Vladimir Poutine annonçant le retour de la Crimée à l’Ukraine et sa propre démission, ou Volodymyr Zelensky déclarant la reddition intégrale de son pays : ces vidéos totalement fabriquées, et d’autres du même type, ont été visionnées pour certaines des millions de fois sur les réseaux sociaux. Si la Russie a, dans ce domaine comme sur le terrain militaire, lancé les hostilités dès 2014, l’Ukraine a désormais appris à employer ces méthodes – et d’autres outils de la guerre informationelle –, dont l’objectif est toujours de semer la confusion au sein de l’opinion publique du pays ennemi.
Depuis son invasion massive de l’Ukraine, la Russie a lancé de nombreuses attaques informationnelles visant aussi bien différentes sphères de la société ukrainienne que des pays soutenant Kiev – à travers des opérations comme Döppelganger ou Portal Kombat – ainsi que des pays africains, moyen-orientaux ou asiatiques où Moscou a cherché à diffuser des narratifs pro-russes.

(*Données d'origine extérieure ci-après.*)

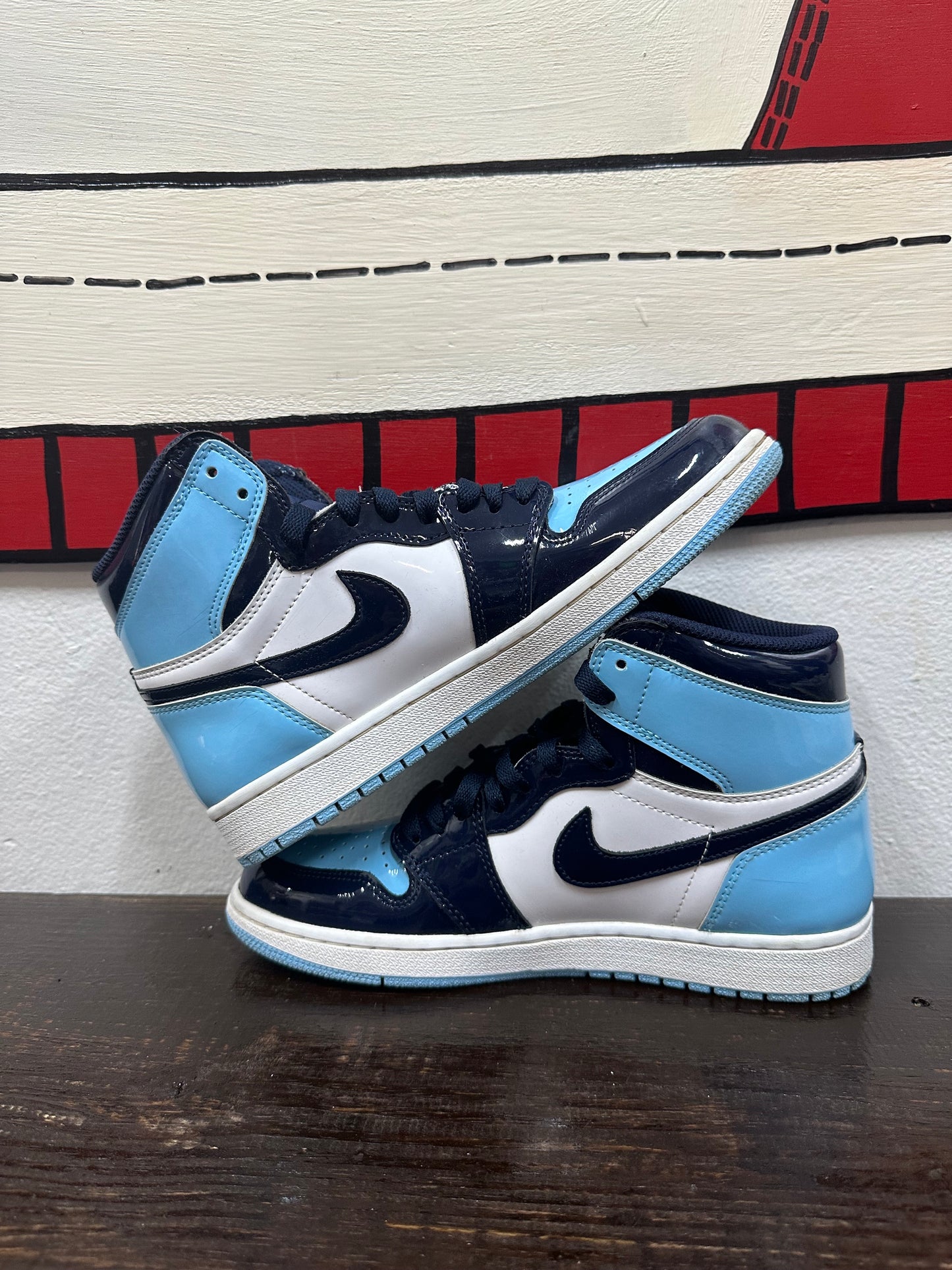 *USED* Wmns Air Jordan 1 Retro High OG 'Blue Chill'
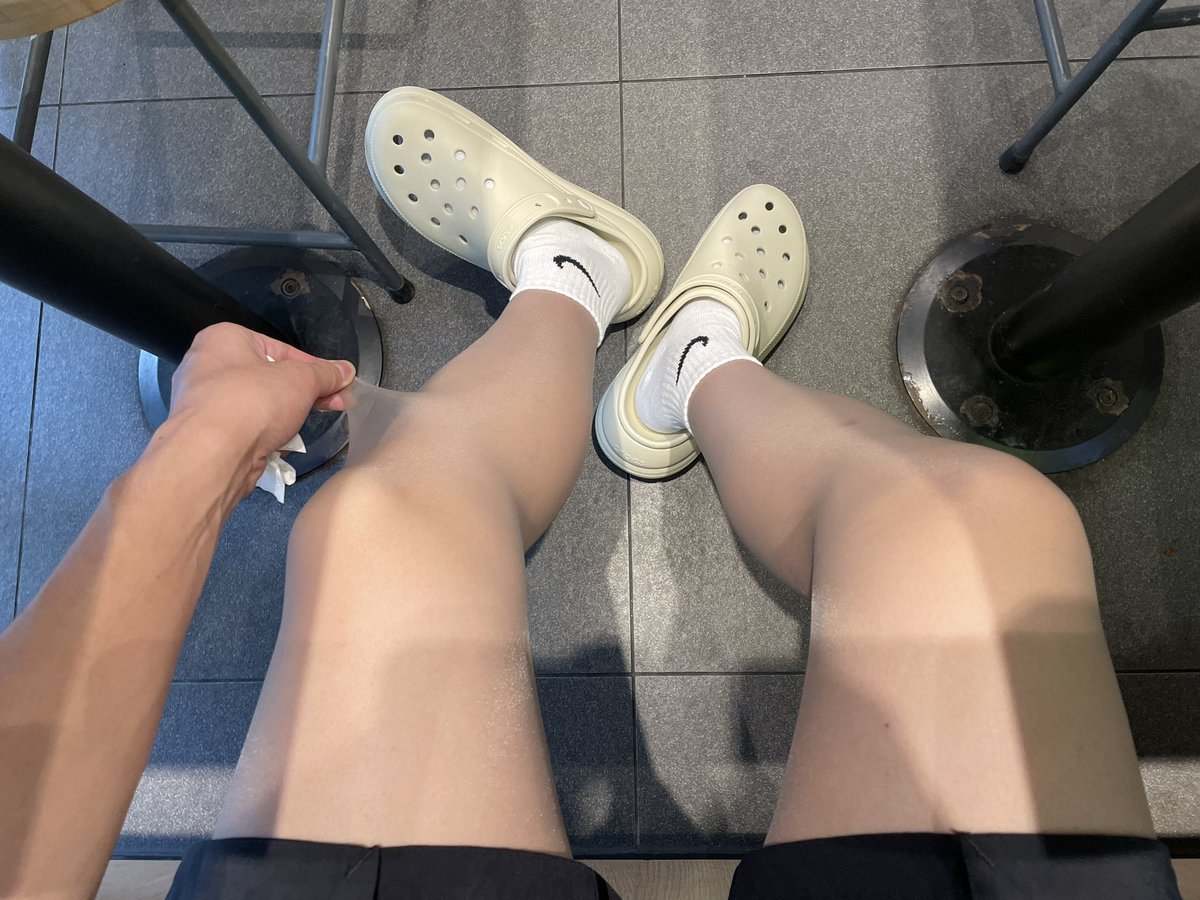 灰丝外出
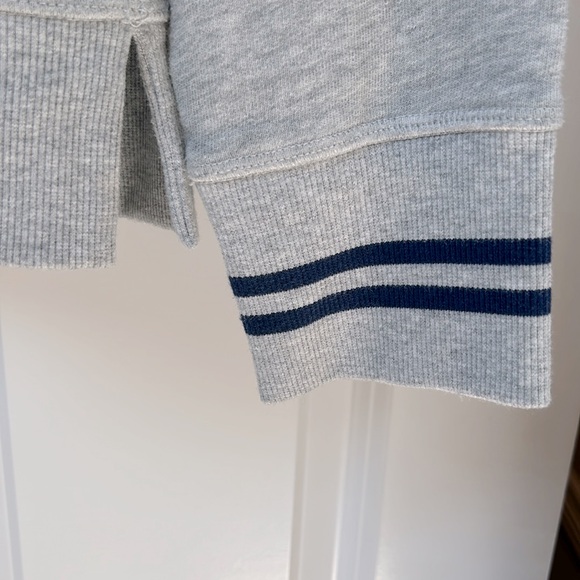 VINEYARD VINES Varsity Sweatshirt - Picture 4 of 6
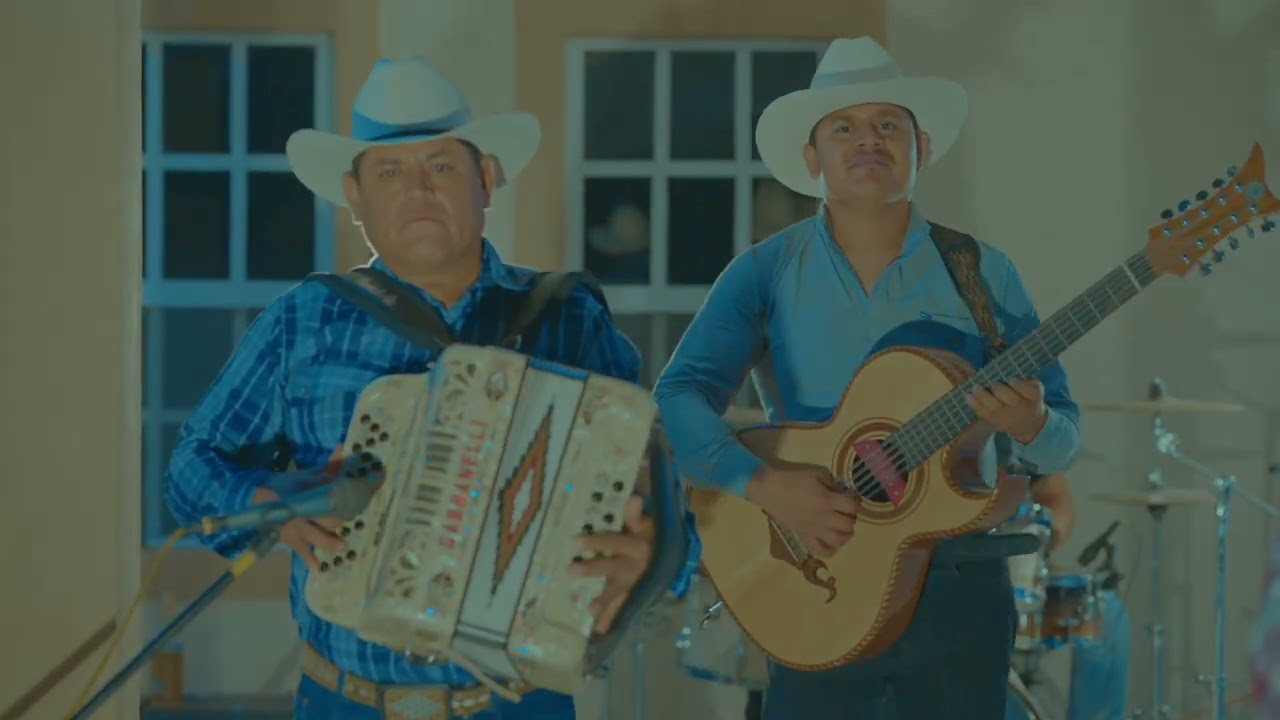 Los Del Coronel - El Fuereño (En Vivo)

Moins évoquées, plusieurs actions du même type, mêlant cyberattaques et usage d’IA pour générer des deepfakes ont été conduites par les Ukrainiens dans l’espace informationnel russe, notamment afin de montrer à la population russe la réalité d’une guerre qui n’a rapidement plus rien eu à voir avec la prétendue simple « opération militaire spéciale » annoncée par le Kremlin.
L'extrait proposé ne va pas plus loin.